This presentation is part of CLL Global Research Foundation’s first-ever Patient-Focused research symposium, featuring CLL Global–funded researchers sharing insights from their latest studies and clinical trials—showcasing how their work is directly improving outcomes for patients with chronic lymphocytic leukemia (CLL).
Expert Presenter:
Deepa Sampath, PhD
Professor, Department of Hematopoietic Biology and Malignancy
The University of Texas MD Anderson Cancer Center
Download the slide deck.
Transcript:
Dr. Deepa Sampath: Hello, everyone. Really happy to be here and give you an example of what we do beyond established trials and how your support helps this in a number of ways. So, I’d like to summarize. Dr. Jain gave us a very detailed description of all the trials that are being run at MD Anderson and the spectacular responses that people are having when they’re on these trials.

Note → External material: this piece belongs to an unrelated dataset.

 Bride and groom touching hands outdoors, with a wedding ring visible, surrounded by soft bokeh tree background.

But this goes beyond that, and I’m just going to use this slide to tell everybody about all the work that we do and the results that come from it.
So, when you look at CLL cells under the microscope, they all look like number 1. They look identical. But, actually, they’re quite different. You can see that all cells are made of DNA, RNA, and protein. And even at the very early stages, there are small differences in the DNA, in the RNA, and in the protein. So, when patients receive their first BTKi, and this happens in a number of institutions and also in the community. They do really well. They get the covalent BTKi, but then their DNA starts acting up, and they get resistant. Then they get non-covalent BTKi, some of the – there are other changes that happen in the DNA, and they get resistant. And in the community, what happens is then they relapse, then they go onto BCL-2 inhibitors, most commonly venetoclax (Venclexta), but again, the DNA and the RNA undergoes changes, and they become resistant.

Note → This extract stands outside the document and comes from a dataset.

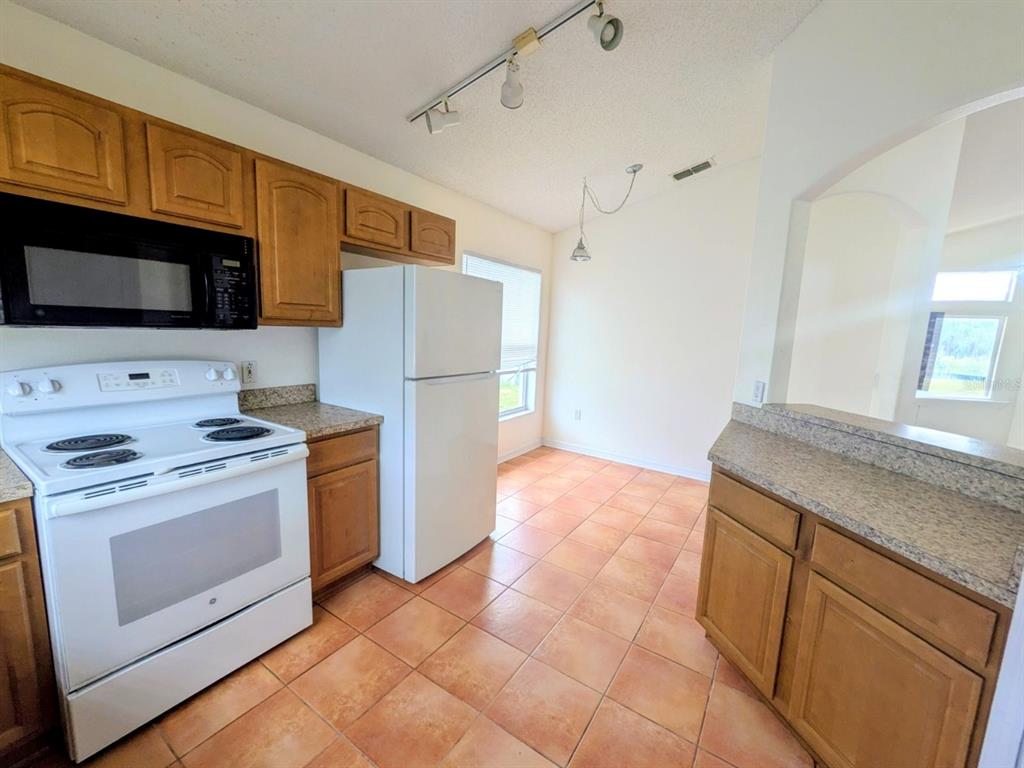 A kitchen with wood cabinets, white appliances, granite countertops, and orange tile flooring — 334 LADY DIANA DRIVE, DAVENPORT, FL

At MD Anderson, Dr. Jain and Dr. Wierda have come up with this combination of using BTKi and BCL-2 inhibitors together. And those are pretty good because you have a great response, 100 percent response likely, but over time, some of the cells begin to come back. And one of the big, and that’s called the minimal residual disease state. And one of the big focus that we are having as a group is we are trying to see at the single cell level, what is the DNA, the RNA, and the protein of the MRD-positive cells, and how those cells can push the disease to come back as dual-refracted disease resistant to BTK and BCL-2. Once you have MRD, the problem is you have to go – you respond pretty well to either BTKi given again, or BCL-2, but then you’re back in the situation at the top. You can develop resistance mechanisms, and you have dual refractory disease.

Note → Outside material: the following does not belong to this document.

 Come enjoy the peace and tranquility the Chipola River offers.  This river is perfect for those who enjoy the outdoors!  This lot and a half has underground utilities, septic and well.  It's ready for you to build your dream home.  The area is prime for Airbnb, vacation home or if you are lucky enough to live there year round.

So, these BTK and BCL-2 mutations, as well as certain other mutations, they go away when you treat with BTKi and with BCL-2. But they come back as dual refractory disease. So, one way to think about it is like, yeah, they’re there, what did they do? We decided to do – or study the protein at the single cell level to see what do these mutations, although they are not associated with venetoclax or BTK resistance directly, what do they do? One of the things we see is, they increase the amount of BCL-2 and a sister protein called BCLxL. Now these proteins work together to increase the power of the cell to survive. At the RNA level, what we do is we look at the cells at the single-cell level. And you can see that when it becomes dual-resistant, or resistant to both BTKi and BCL-2 inhibitors, they increase the level of BCL-xL and it’s technically called BCL-2.
So, what we are finding is when the cells become resistant to the most standard of care treatments of BTKi and BCL-2i, they not only retain dependence on BCL-2, but they also gain dependence on BCL-xL, a sister protein that blocks cell death. So, to combat it, my lab came up with a small molecule inhibitor that blocks both BCL-2 and BCL-xL. We’ve published this in pre-clinical studies, and it’s now in a Phase I trial. So, this is a long way off from Phase III trials, where you test it and you really understand is it going to work or no? But, initial work, this is a multi-center study, so patients have been entered at MD Anderson and at Ohio State University. And this small molecule that blocks BCL-2 and BCL-xL has done really well for CLL patients. But these are early days yet, and we need to test it some more.
Most times, just one molecule is never the magic bullet. So, my lab is developing another way, which is using a proton degrader to target BCL-2 and BCL-xL, and we are hopeful that at MD Anderson, we’ll be able to conduct trials later to see if this concept works for patients with dual-refractory CLL. Thank you so much.